Half Subtractor Boolean Expressions

• Difference = A ⊕ B (XOR operation)
• Borrow = ¬A · B (NOT A AND B)

Understanding Full Subtractors

What is a Full Subtractor?

A full subtractor subtracts two binary digits and accounts for a borrow from the previous stage.

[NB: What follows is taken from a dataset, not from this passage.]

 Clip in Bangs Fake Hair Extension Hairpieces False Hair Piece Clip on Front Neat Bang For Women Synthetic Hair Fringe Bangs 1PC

This makes it suitable for multi-bit binary subtraction where borrow propagation is essential.

Full Subtractor Boolean Expressions

• Difference = A ⊕ B ⊕ Bin (XOR of all three inputs)
• Borrow = ¬A·B + ¬A·Bin + B·Bin (Borrow generation logic)

Applications and Uses

Arithmetic Logic Units (ALUs)

Subtractors work alongside adders in ALUs to provide:

• Integer subtraction operations
• Comparison operations (A - B to check equality)
• Two's complement arithmetic
• Address offset calculations

Digital System Applications

• Down counters and timers
• Digital signal processing
• Error detection circuits
• Magnitude comparators

Examples & Worked Problems

Example 1: Half Subtractor

Problem: Subtract 1 - 0

Solution:

• A = 1, B = 0
• Difference = 1 ⊕ 0 = 1
• Borrow = ¬1 · 0 = 0
• Result: 1₂ (no borrow needed)

Example 2: Half Subtractor with Borrow

Problem: Subtract 0 - 1

Solution:

• A = 0, B = 1
• Difference = 0 ⊕ 1 = 1
• Borrow = ¬0 · 1 = 1
• Result: 1₂ with borrow (represents -1 in two's complement)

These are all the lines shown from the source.